TASK DETAILS.
The required output is every line from the one with "He’s a absolute blast" through the final line of the data below, unchanged.

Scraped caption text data
########

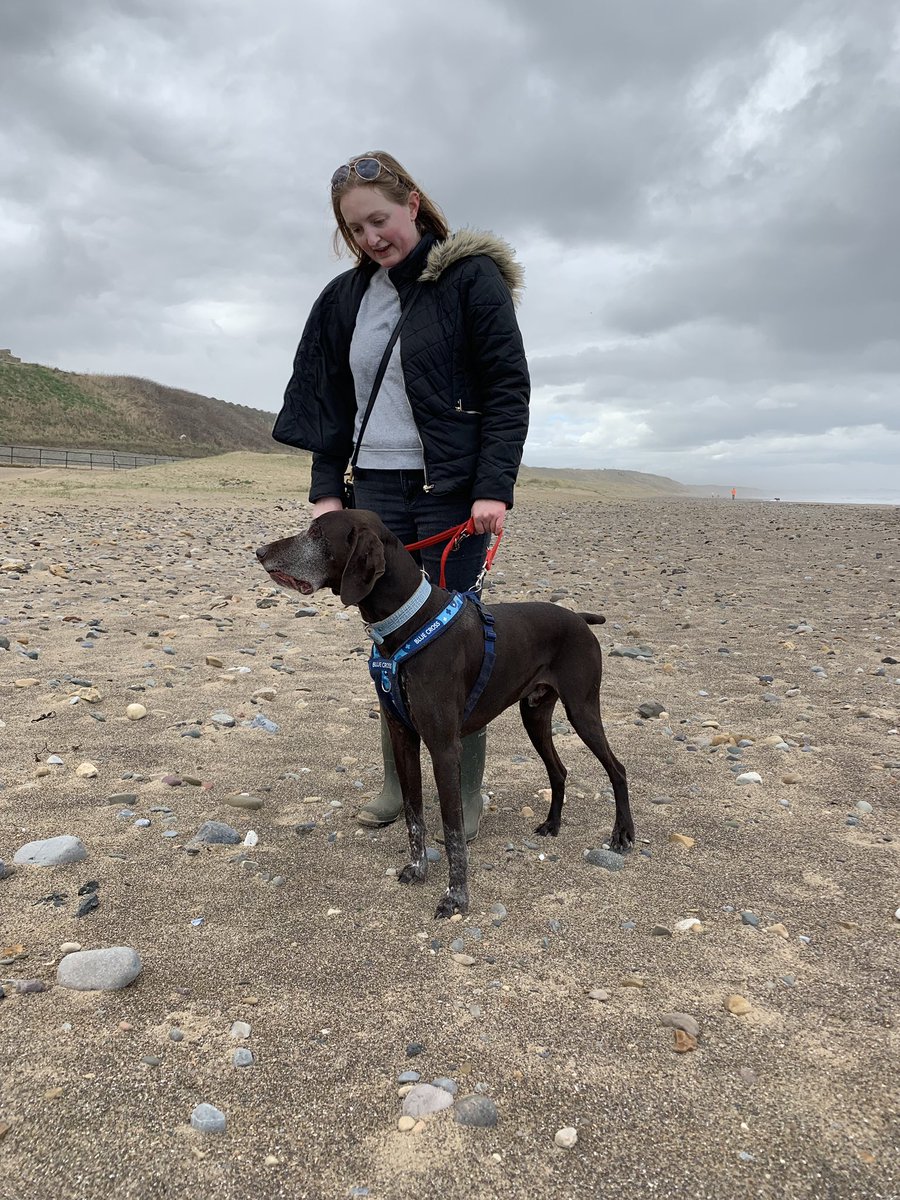 theonlywayisD's tweet photo. Arnie 

He’s a absolute blast 

ADOPT HIM PLEASE 😬 

@the_blue_cross @bluecrossthirsk https://t.co/nAYsFmbmdf

#bluecross #bluecrossvolunteer #bluecrossdog #rescuedog #adoptdontshop #adoptables #saltburn #beachday #happymonday #pointer #rescuepointer #germanshorthairpointer https://t.co/JvaMnQPH3y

########

RESULT OF THE TASK.
He’s a absolute blast 

ADOPT HIM PLEASE 😬 

@the_blue_cross @bluecrossthirsk https://t.co/nAYsFmbmdf

#bluecross #bluecrossvolunteer #bluecrossdog #rescuedog #adoptdontshop #adoptables #saltburn #beachday #happymonday #pointer #rescuepointer #germanshorthairpointer https://t.co/JvaMnQPH3y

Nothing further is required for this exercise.